RECORDED INFORMATION Block Start

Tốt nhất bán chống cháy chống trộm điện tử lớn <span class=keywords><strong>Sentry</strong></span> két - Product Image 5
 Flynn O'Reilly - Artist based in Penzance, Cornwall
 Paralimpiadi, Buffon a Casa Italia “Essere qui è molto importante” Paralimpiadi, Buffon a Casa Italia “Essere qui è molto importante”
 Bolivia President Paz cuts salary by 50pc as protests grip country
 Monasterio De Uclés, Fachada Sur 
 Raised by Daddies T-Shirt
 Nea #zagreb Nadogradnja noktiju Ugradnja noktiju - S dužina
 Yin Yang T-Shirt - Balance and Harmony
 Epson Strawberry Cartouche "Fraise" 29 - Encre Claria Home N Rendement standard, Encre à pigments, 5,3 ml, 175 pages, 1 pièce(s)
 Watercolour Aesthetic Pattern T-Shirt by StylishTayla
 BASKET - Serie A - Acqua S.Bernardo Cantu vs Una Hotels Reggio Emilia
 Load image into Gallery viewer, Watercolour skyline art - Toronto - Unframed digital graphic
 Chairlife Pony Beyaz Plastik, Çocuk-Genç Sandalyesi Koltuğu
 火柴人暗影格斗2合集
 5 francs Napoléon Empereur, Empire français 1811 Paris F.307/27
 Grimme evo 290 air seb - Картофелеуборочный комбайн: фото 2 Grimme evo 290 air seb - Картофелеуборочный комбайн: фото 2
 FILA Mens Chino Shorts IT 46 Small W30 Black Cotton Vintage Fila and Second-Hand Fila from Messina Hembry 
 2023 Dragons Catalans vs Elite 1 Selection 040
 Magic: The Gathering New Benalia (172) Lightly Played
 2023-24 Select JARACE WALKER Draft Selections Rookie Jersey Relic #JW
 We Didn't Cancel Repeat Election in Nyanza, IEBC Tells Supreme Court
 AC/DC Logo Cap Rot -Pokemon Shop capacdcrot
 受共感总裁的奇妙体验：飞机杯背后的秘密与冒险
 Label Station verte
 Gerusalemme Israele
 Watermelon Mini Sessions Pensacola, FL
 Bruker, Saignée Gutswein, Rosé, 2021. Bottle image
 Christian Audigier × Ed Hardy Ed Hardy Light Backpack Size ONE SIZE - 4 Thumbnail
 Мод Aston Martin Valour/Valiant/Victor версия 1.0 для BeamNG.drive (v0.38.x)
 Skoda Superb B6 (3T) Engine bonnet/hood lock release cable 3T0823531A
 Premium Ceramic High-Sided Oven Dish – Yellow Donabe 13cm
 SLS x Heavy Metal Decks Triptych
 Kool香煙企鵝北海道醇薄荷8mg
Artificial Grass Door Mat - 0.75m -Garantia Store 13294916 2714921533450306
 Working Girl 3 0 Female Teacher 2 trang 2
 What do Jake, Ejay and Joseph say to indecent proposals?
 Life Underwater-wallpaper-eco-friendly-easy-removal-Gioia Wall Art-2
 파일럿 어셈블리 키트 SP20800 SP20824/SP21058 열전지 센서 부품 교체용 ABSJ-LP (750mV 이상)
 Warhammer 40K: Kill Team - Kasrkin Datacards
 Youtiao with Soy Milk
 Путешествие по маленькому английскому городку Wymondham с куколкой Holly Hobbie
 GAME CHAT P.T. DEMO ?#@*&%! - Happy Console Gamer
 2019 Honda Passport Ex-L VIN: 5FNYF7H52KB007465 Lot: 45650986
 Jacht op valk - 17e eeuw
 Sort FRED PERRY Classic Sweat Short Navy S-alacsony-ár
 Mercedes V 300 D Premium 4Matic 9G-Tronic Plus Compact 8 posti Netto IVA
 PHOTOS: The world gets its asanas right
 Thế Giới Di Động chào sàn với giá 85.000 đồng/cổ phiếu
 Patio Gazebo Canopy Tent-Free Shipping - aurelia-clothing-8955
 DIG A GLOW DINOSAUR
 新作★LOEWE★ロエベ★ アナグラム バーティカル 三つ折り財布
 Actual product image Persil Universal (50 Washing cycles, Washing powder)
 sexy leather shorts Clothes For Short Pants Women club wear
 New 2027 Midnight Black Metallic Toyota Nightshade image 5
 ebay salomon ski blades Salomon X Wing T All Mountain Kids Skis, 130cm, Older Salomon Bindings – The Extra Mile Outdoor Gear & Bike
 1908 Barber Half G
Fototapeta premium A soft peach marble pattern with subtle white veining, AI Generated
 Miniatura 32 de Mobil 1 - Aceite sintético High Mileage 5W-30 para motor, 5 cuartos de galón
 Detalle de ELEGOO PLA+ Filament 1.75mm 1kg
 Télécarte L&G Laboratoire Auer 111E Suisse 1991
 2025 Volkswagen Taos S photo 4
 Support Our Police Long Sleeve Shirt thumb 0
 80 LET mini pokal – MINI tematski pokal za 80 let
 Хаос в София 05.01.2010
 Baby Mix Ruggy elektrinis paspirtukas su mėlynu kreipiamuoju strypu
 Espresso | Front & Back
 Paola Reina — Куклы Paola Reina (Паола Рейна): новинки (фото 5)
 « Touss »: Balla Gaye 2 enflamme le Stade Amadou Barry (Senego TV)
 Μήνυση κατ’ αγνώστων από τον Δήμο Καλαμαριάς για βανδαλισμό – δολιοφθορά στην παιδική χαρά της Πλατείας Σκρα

RECORDED INFORMATION Block End

What you return must match the listing above exactly, with every line included.

RESULT OF THIS TASK:
Tốt nhất bán chống cháy chống trộm điện tử lớn <span class=keywords><strong>Sentry</strong></span> két - Product Image 5
 Flynn O'Reilly - Artist based in Penzance, Cornwall
 Paralimpiadi, Buffon a Casa Italia “Essere qui è molto importante” Paralimpiadi, Buffon a Casa Italia “Essere qui è molto importante”
 Bolivia President Paz cuts salary by 50pc as protests grip country
 Monasterio De Uclés, Fachada Sur 
 Raised by Daddies T-Shirt
 Nea #zagreb Nadogradnja noktiju Ugradnja noktiju - S dužina
 Yin Yang T-Shirt - Balance and Harmony
 Epson Strawberry Cartouche "Fraise" 29 - Encre Claria Home N Rendement standard, Encre à pigments, 5,3 ml, 175 pages, 1 pièce(s)
 Watercolour Aesthetic Pattern T-Shirt by StylishTayla
 BASKET - Serie A - Acqua S.Bernardo Cantu vs Una Hotels Reggio Emilia
 Load image into Gallery viewer, Watercolour skyline art - Toronto - Unframed digital graphic
 Chairlife Pony Beyaz Plastik, Çocuk-Genç Sandalyesi Koltuğu
 火柴人暗影格斗2合集
 5 francs Napoléon Empereur, Empire français 1811 Paris F.307/27
 Grimme evo 290 air seb - Картофелеуборочный комбайн: фото 2 Grimme evo 290 air seb - Картофелеуборочный комбайн: фото 2
 FILA Mens Chino Shorts IT 46 Small W30 Black Cotton Vintage Fila and Second-Hand Fila from Messina Hembry 
 2023 Dragons Catalans vs Elite 1 Selection 040
 Magic: The Gathering New Benalia (172) Lightly Played
 2023-24 Select JARACE WALKER Draft Selections Rookie Jersey Relic #JW
 We Didn't Cancel Repeat Election in Nyanza, IEBC Tells Supreme Court
 AC/DC Logo Cap Rot -Pokemon Shop capacdcrot
 受共感总裁的奇妙体验：飞机杯背后的秘密与冒险
 Label Station verte
 Gerusalemme Israele
 Watermelon Mini Sessions Pensacola, FL
 Bruker, Saignée Gutswein, Rosé, 2021. Bottle image
 Christian Audigier × Ed Hardy Ed Hardy Light Backpack Size ONE SIZE - 4 Thumbnail
 Мод Aston Martin Valour/Valiant/Victor версия 1.0 для BeamNG.drive (v0.38.x)
 Skoda Superb B6 (3T) Engine bonnet/hood lock release cable 3T0823531A
 Premium Ceramic High-Sided Oven Dish – Yellow Donabe 13cm
 SLS x Heavy Metal Decks Triptych
 Kool香煙企鵝北海道醇薄荷8mg
Artificial Grass Door Mat - 0.75m -Garantia Store 13294916 2714921533450306
 Working Girl 3 0 Female Teacher 2 trang 2
 What do Jake, Ejay and Joseph say to indecent proposals?
 Life Underwater-wallpaper-eco-friendly-easy-removal-Gioia Wall Art-2
 파일럿 어셈블리 키트 SP20800 SP20824/SP21058 열전지 센서 부품 교체용 ABSJ-LP (750mV 이상)
 Warhammer 40K: Kill Team - Kasrkin Datacards
 Youtiao with Soy Milk
 Путешествие по маленькому английскому городку Wymondham с куколкой Holly Hobbie
 GAME CHAT P.T. DEMO ?#@*&%! - Happy Console Gamer
 2019 Honda Passport Ex-L VIN: 5FNYF7H52KB007465 Lot: 45650986
 Jacht op valk - 17e eeuw
 Sort FRED PERRY Classic Sweat Short Navy S-alacsony-ár
 Mercedes V 300 D Premium 4Matic 9G-Tronic Plus Compact 8 posti Netto IVA
 PHOTOS: The world gets its asanas right
 Thế Giới Di Động chào sàn với giá 85.000 đồng/cổ phiếu
 Patio Gazebo Canopy Tent-Free Shipping - aurelia-clothing-8955
 DIG A GLOW DINOSAUR
 新作★LOEWE★ロエベ★ アナグラム バーティカル 三つ折り財布
 Actual product image Persil Universal (50 Washing cycles, Washing powder)
 sexy leather shorts Clothes For Short Pants Women club wear
 New 2027 Midnight Black Metallic Toyota Nightshade image 5
 ebay salomon ski blades Salomon X Wing T All Mountain Kids Skis, 130cm, Older Salomon Bindings – The Extra Mile Outdoor Gear & Bike
 1908 Barber Half G
Fototapeta premium A soft peach marble pattern with subtle white veining, AI Generated
 Miniatura 32 de Mobil 1 - Aceite sintético High Mileage 5W-30 para motor, 5 cuartos de galón
 Detalle de ELEGOO PLA+ Filament 1.75mm 1kg
 Télécarte L&G Laboratoire Auer 111E Suisse 1991
 2025 Volkswagen Taos S photo 4
 Support Our Police Long Sleeve Shirt thumb 0
 80 LET mini pokal – MINI tematski pokal za 80 let
 Хаос в София 05.01.2010
 Baby Mix Ruggy elektrinis paspirtukas su mėlynu kreipiamuoju strypu
 Espresso | Front & Back
 Paola Reina — Куклы Paola Reina (Паола Рейна): новинки (фото 5)
 « Touss »: Balla Gaye 2 enflamme le Stade Amadou Barry (Senego TV)
 Μήνυση κατ’ αγνώστων από τον Δήμο Καλαμαριάς για βανδαλισμό – δολιοφθορά στην παιδική χαρά της Πλατείας Σκρα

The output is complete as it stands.